▶ WORK TO COMPLETE: Beginning with the line that holds "Norwegian Bliss, ein" in the data below, give again every line through the one that holds "Minnesota Vikings Shirt", exactly as written.

** Opening EXERCISE DATA block **

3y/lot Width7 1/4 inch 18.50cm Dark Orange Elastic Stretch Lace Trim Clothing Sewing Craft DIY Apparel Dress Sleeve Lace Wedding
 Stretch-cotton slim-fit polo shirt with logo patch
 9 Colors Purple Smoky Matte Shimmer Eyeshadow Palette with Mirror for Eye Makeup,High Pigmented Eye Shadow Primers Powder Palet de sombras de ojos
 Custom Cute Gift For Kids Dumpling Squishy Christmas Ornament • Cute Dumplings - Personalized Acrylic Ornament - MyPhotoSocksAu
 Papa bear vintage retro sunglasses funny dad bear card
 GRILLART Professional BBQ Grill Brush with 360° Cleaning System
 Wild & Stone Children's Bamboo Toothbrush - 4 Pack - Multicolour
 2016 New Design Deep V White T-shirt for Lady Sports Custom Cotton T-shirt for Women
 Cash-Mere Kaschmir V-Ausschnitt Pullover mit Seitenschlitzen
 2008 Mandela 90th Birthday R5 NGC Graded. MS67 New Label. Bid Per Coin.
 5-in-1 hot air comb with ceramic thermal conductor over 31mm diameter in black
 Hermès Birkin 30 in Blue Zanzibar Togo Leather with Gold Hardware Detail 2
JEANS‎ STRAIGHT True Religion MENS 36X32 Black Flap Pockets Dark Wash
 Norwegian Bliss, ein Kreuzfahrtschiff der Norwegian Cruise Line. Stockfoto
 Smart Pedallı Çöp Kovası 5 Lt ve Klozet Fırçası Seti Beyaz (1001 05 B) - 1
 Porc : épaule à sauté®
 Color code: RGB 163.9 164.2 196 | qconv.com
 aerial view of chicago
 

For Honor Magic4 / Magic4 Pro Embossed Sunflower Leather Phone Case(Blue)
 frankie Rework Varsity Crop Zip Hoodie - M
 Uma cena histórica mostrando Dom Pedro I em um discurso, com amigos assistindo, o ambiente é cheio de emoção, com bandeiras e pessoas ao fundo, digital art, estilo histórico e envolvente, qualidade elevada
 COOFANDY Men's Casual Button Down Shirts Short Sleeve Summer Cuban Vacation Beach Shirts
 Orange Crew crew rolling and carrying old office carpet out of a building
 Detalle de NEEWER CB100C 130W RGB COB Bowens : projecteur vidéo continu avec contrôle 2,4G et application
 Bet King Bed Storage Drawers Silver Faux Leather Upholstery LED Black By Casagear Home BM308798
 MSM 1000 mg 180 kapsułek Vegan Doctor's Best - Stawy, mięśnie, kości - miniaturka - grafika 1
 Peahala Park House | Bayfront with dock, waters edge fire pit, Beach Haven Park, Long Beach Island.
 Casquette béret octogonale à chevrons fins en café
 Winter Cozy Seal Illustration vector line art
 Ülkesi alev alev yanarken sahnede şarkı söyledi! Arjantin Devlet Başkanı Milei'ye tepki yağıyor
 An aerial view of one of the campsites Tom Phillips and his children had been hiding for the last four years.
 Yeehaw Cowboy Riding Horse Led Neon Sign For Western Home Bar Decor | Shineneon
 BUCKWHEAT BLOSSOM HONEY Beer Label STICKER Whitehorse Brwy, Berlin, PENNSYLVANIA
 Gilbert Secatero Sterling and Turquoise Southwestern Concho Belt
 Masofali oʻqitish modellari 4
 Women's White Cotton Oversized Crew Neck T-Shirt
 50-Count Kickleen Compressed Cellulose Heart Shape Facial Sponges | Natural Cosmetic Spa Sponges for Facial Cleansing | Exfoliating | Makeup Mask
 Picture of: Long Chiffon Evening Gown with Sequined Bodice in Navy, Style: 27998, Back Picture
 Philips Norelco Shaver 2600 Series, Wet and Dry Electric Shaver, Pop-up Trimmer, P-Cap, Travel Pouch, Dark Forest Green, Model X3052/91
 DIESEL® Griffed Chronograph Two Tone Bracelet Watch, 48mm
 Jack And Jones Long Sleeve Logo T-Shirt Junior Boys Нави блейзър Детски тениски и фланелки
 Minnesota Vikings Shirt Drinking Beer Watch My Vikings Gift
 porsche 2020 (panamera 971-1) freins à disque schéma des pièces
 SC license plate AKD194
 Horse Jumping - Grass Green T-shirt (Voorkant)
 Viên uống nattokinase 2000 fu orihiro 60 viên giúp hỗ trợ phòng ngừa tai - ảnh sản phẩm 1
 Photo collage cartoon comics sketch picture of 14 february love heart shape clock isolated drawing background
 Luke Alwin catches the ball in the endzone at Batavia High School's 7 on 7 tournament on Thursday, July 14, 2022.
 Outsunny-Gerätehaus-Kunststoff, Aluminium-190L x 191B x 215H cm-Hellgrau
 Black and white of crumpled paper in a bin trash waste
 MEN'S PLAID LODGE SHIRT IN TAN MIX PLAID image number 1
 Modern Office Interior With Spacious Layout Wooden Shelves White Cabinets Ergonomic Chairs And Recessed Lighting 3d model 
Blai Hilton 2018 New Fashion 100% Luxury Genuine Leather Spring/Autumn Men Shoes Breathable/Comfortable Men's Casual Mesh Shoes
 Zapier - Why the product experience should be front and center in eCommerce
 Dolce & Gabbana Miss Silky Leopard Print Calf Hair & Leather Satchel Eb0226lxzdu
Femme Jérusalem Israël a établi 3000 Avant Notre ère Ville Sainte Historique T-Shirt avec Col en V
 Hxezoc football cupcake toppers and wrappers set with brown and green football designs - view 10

** Closing EXERCISE DATA block **

▶ ANSWER SPACE:
 Norwegian Bliss, ein Kreuzfahrtschiff der Norwegian Cruise Line. Stockfoto
 Smart Pedallı Çöp Kovası 5 Lt ve Klozet Fırçası Seti Beyaz (1001 05 B) - 1
 Porc : épaule à sauté®
 Color code: RGB 163.9 164.2 196 | qconv.com
 aerial view of chicago
 

For Honor Magic4 / Magic4 Pro Embossed Sunflower Leather Phone Case(Blue)
 frankie Rework Varsity Crop Zip Hoodie - M
 Uma cena histórica mostrando Dom Pedro I em um discurso, com amigos assistindo, o ambiente é cheio de emoção, com bandeiras e pessoas ao fundo, digital art, estilo histórico e envolvente, qualidade elevada
 COOFANDY Men's Casual Button Down Shirts Short Sleeve Summer Cuban Vacation Beach Shirts
 Orange Crew crew rolling and carrying old office carpet out of a building
 Detalle de NEEWER CB100C 130W RGB COB Bowens : projecteur vidéo continu avec contrôle 2,4G et application
 Bet King Bed Storage Drawers Silver Faux Leather Upholstery LED Black By Casagear Home BM308798
 MSM 1000 mg 180 kapsułek Vegan Doctor's Best - Stawy, mięśnie, kości - miniaturka - grafika 1
 Peahala Park House | Bayfront with dock, waters edge fire pit, Beach Haven Park, Long Beach Island.
 Casquette béret octogonale à chevrons fins en café
 Winter Cozy Seal Illustration vector line art
 Ülkesi alev alev yanarken sahnede şarkı söyledi! Arjantin Devlet Başkanı Milei'ye tepki yağıyor
 An aerial view of one of the campsites Tom Phillips and his children had been hiding for the last four years.
 Yeehaw Cowboy Riding Horse Led Neon Sign For Western Home Bar Decor | Shineneon
 BUCKWHEAT BLOSSOM HONEY Beer Label STICKER Whitehorse Brwy, Berlin, PENNSYLVANIA
 Gilbert Secatero Sterling and Turquoise Southwestern Concho Belt
 Masofali oʻqitish modellari 4
 Women's White Cotton Oversized Crew Neck T-Shirt
 50-Count Kickleen Compressed Cellulose Heart Shape Facial Sponges | Natural Cosmetic Spa Sponges for Facial Cleansing | Exfoliating | Makeup Mask
 Picture of: Long Chiffon Evening Gown with Sequined Bodice in Navy, Style: 27998, Back Picture
 Philips Norelco Shaver 2600 Series, Wet and Dry Electric Shaver, Pop-up Trimmer, P-Cap, Travel Pouch, Dark Forest Green, Model X3052/91
 DIESEL® Griffed Chronograph Two Tone Bracelet Watch, 48mm
 Jack And Jones Long Sleeve Logo T-Shirt Junior Boys Нави блейзър Детски тениски и фланелки
 Minnesota Vikings Shirt Drinking Beer Watch My Vikings Gift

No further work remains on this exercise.